はあはあ……
「〇〇くん! 〇〇くーーーん!! どこーーー!!」
彼女は暗闇の中を走ってた。荒い息を吐きながら周囲をキョロキョロと見渡しながら、どこかに何かがないか……目を凝らしてる。けど、何も……何もなかった。パシャパシャと水を踏むような足音が聞こえてる。さっきまで雨なんてもちろん降ってなかったし、今も降ってない。けど足元には水があるかのようにパシャパシャとなってる。
「はあはあはあ……」
息が続かなくて両膝に両手をついた彼女。真っ暗な空間だけど、足元には自身の姿が写ってた。自分を中心に波紋が広がってる。動いてないから、波紋が広がるなんておかしいはずだ。けど、波紋は常にどうやら彼女を中心にこの真っ暗な空間に広がってる。
『楽しめたか?』
そんな声が聞こえた。思わず彼女は「誰!?」と叫ぶ。そして周囲を見回した。けど何もみえない。
パシャ――パシャ――
と足を動かすたびにその音が響く。
『もう夢は十分見ただろ? それにこれが現実じゃないって本当はわかってたはずだ。ずっとずっと……これは』
「やめろ!! やめてくれ!!」
聞こえる男の声。その声が彼女は聞き覚えがあることに気づいた。そしてすぐに耳を塞ぐ。
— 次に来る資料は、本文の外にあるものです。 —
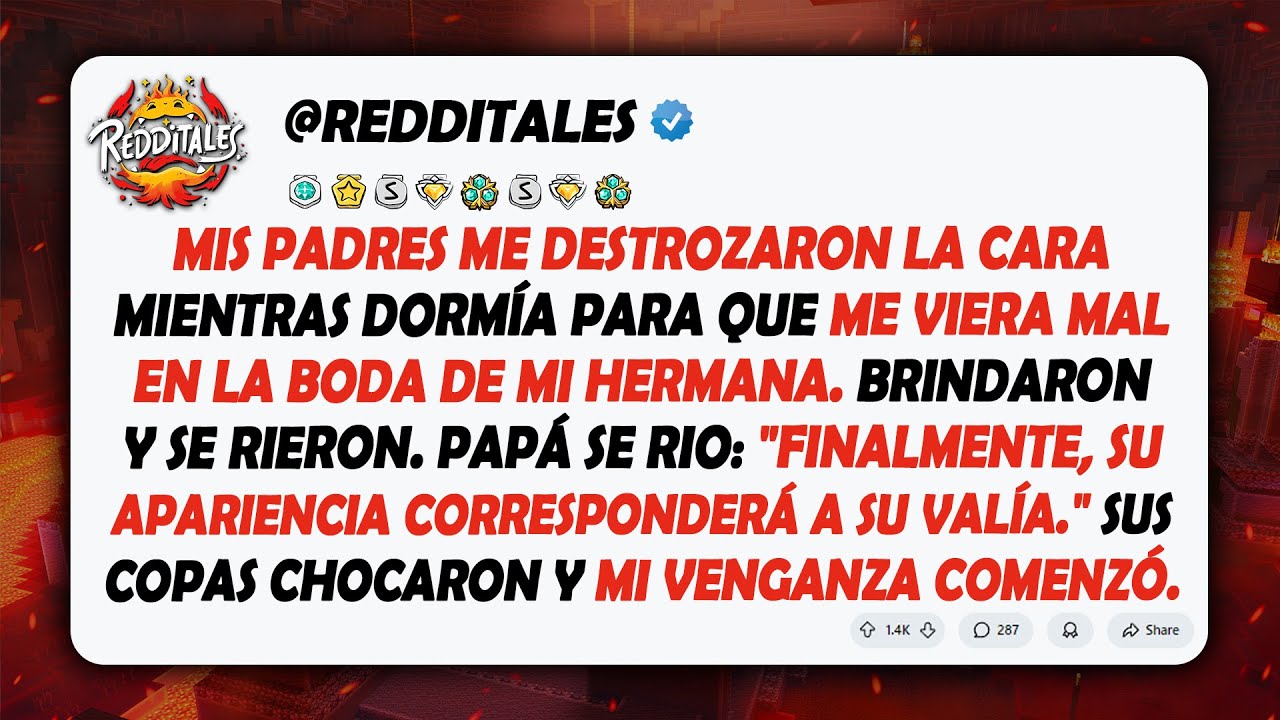 Mis padres me destrozaron la cara mientras dormía para que me viera mal en la boda de mi hermana...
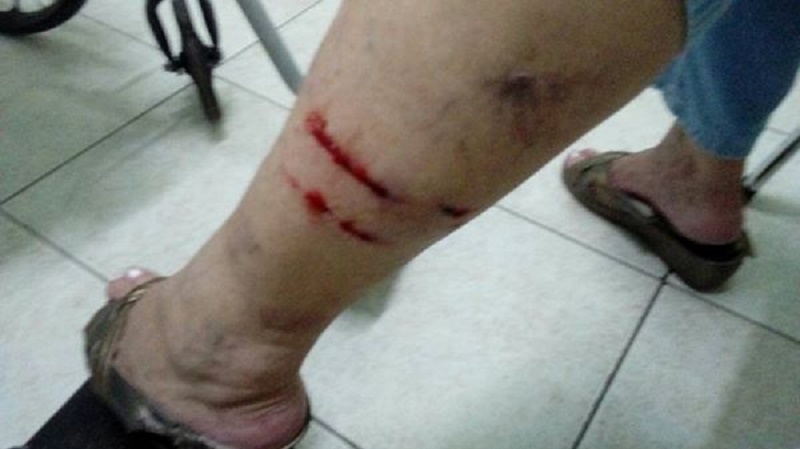 Senhora é atacada por cães na Vila Adileta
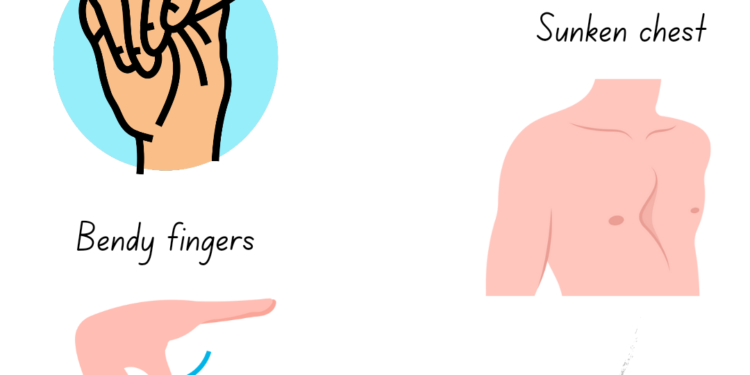 Marfan Syndrome: Causes, Symptoms, and Occurrence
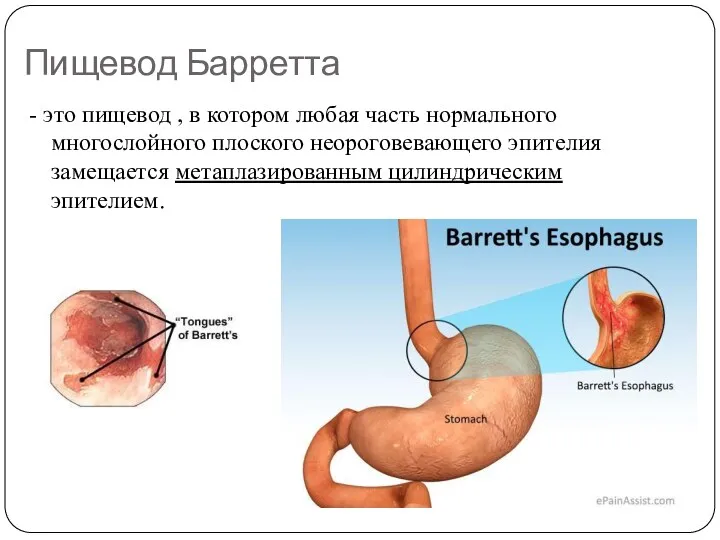 Пищевод Барретта - это пищевод , в котором любая часть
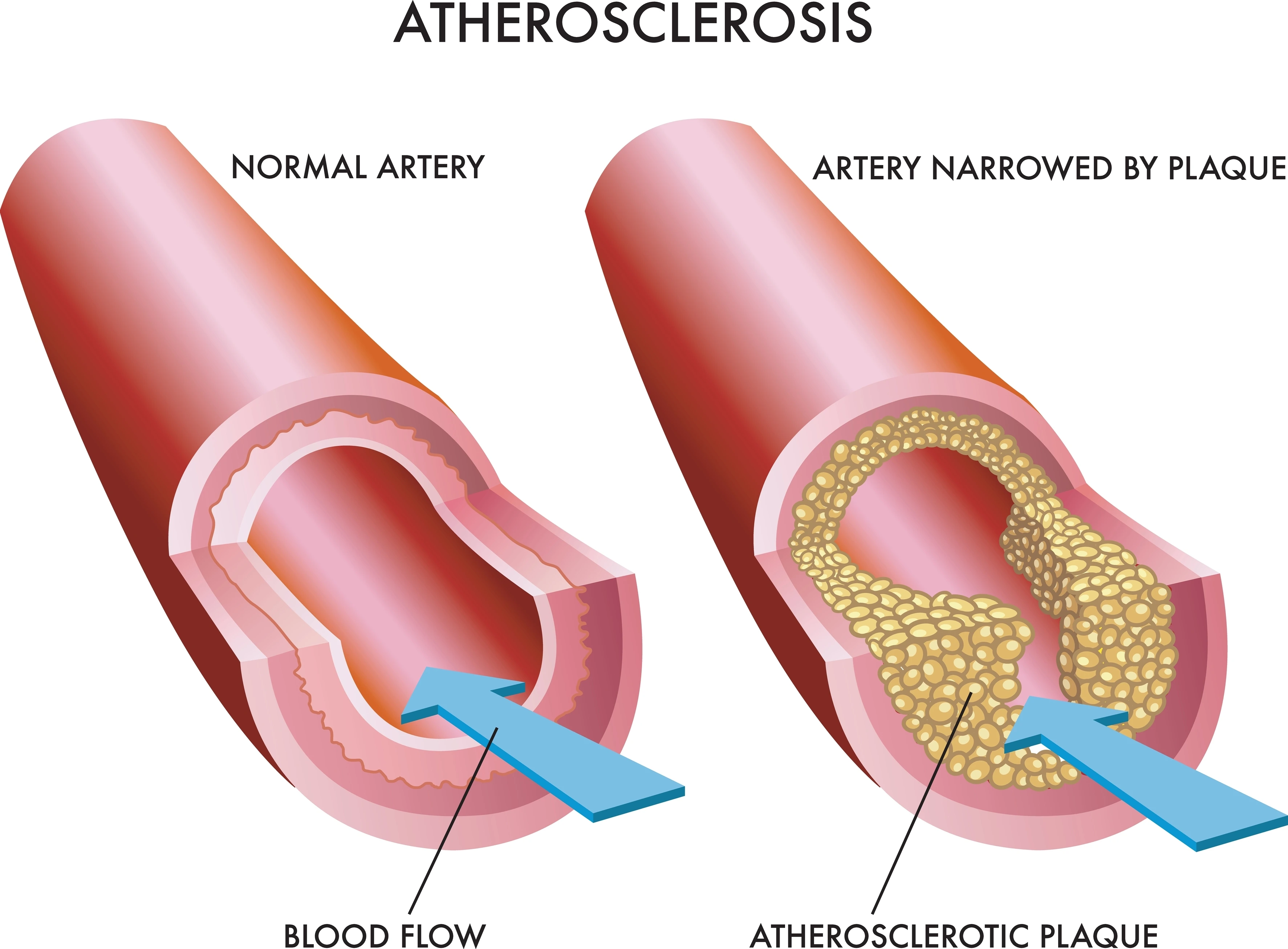 Atherosclerosis | https://www.harleystreet.sg/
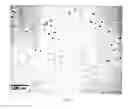Fig. 07 - Method for crystallization of proteins using polysaccharides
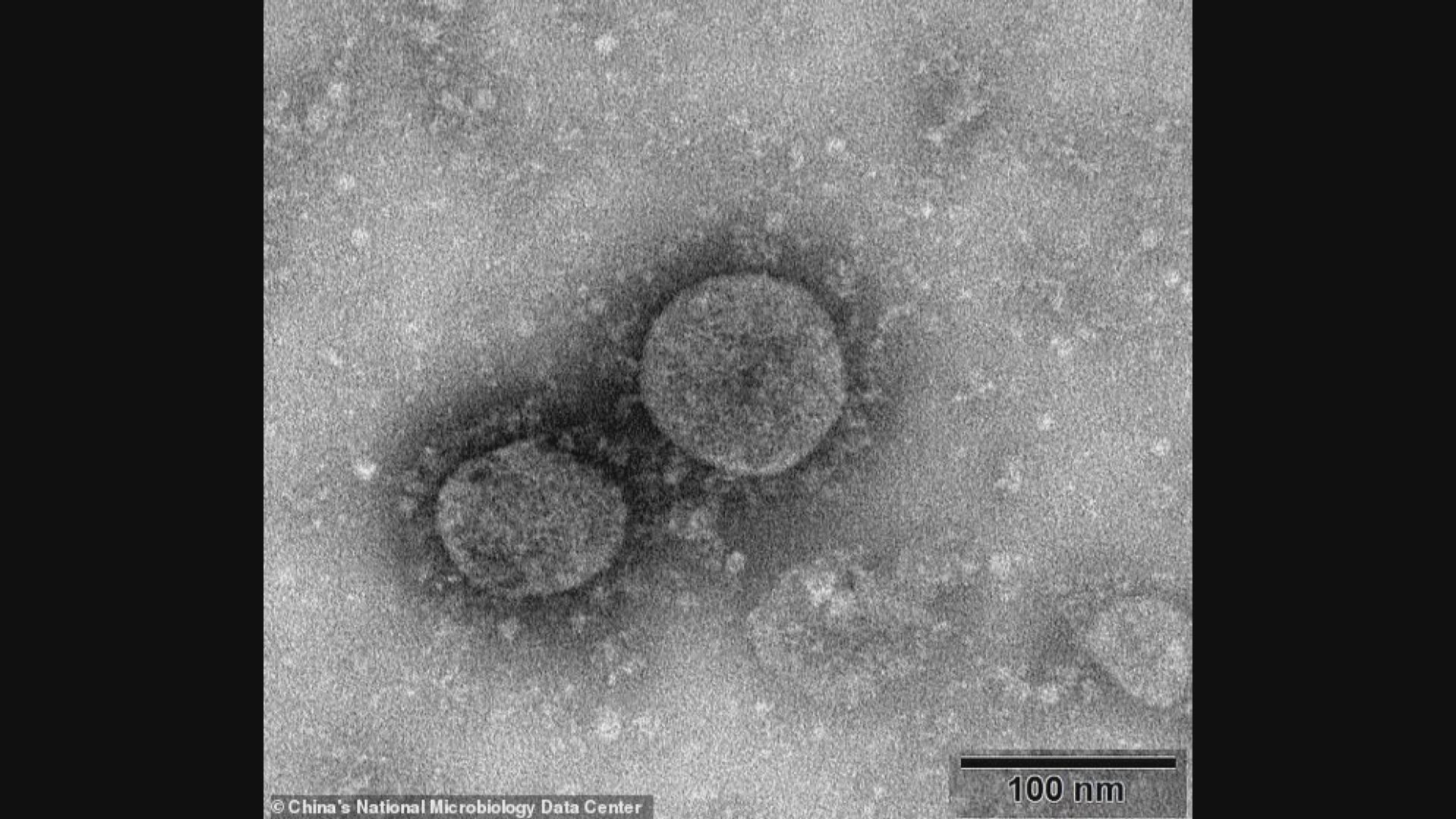 新惯病毒最新数据深度解析：传播途径、感染症状及防控策略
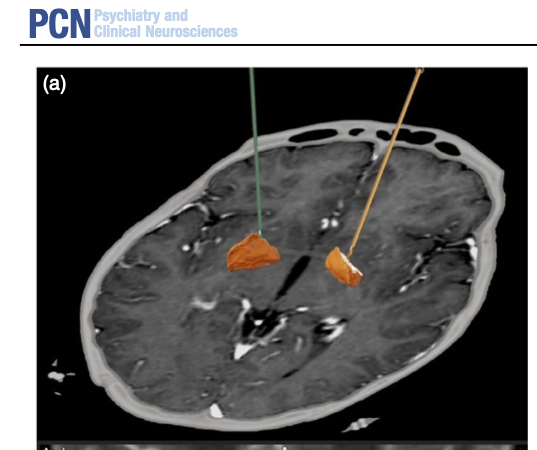 PCN_Psychiatry's tweet photo. One-year outcomes of deep brain stimulation in refractory Tourette syndrome
https://t.co/2pc1G40XAm
#deep_brain_stimulation #DBS #refractory #TouretteSyndrome https://t.co/tanYZtJaPc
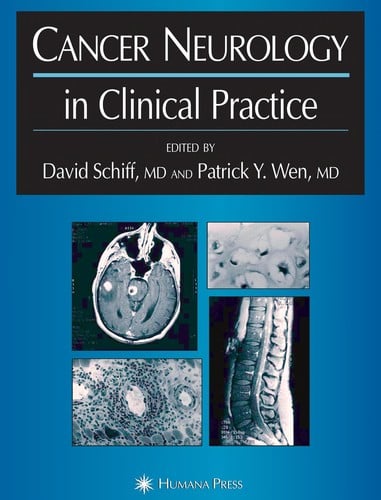 Cancer neurology in clinical practice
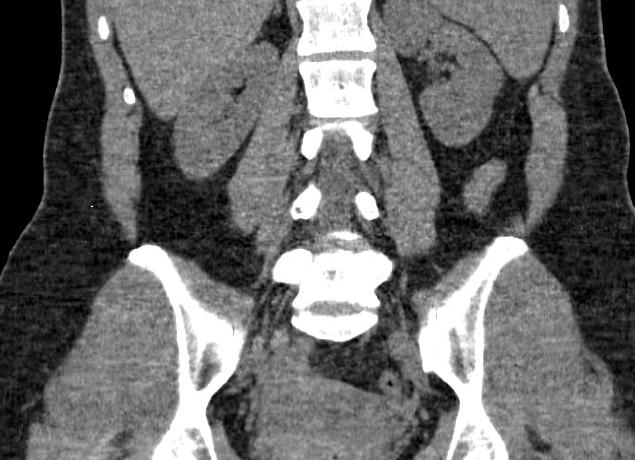 Мрт почек мочеточников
『意味なんてない。そんな事。なぁ、わかってるだろう? これが夢だってな』
「そんなわけ無い!! これは現実なんだ。私は……俺は女になったんだ! そして家族ができて、彼氏だって!!」
『ははっ、何いってんだよ。俺のようなクズに、そんなのできるわけ無いだろ? それはお前自身が一番良くわかってるはずだ』
「違う!! 違う違う違う!! 俺は……『私』はお前じゃない!!」
暗闇の空間に彼女の声だけが響く、彼女はふらついてる。聞こえる声を振り払うように頭を振るってる。そして気づいた。下を向いた時に、その暗い水に映るその姿に。
「お前は……」
『俺はお前だよ。本当のお前だ。そうだろ?』
「違う!! そんな訳……ない……そんな」
その時、水の中の彼が迫ってくる。ただ水が人の形を取ってるだけのような……そんな感じで、その中に十字傷の男の姿を映してるって感じ。
「やめ……ろ。やめろおおおおおおおおおおおおおおおおおお!!」
そんな声とともに、彼女はその水に包まれてそして沈んでいった。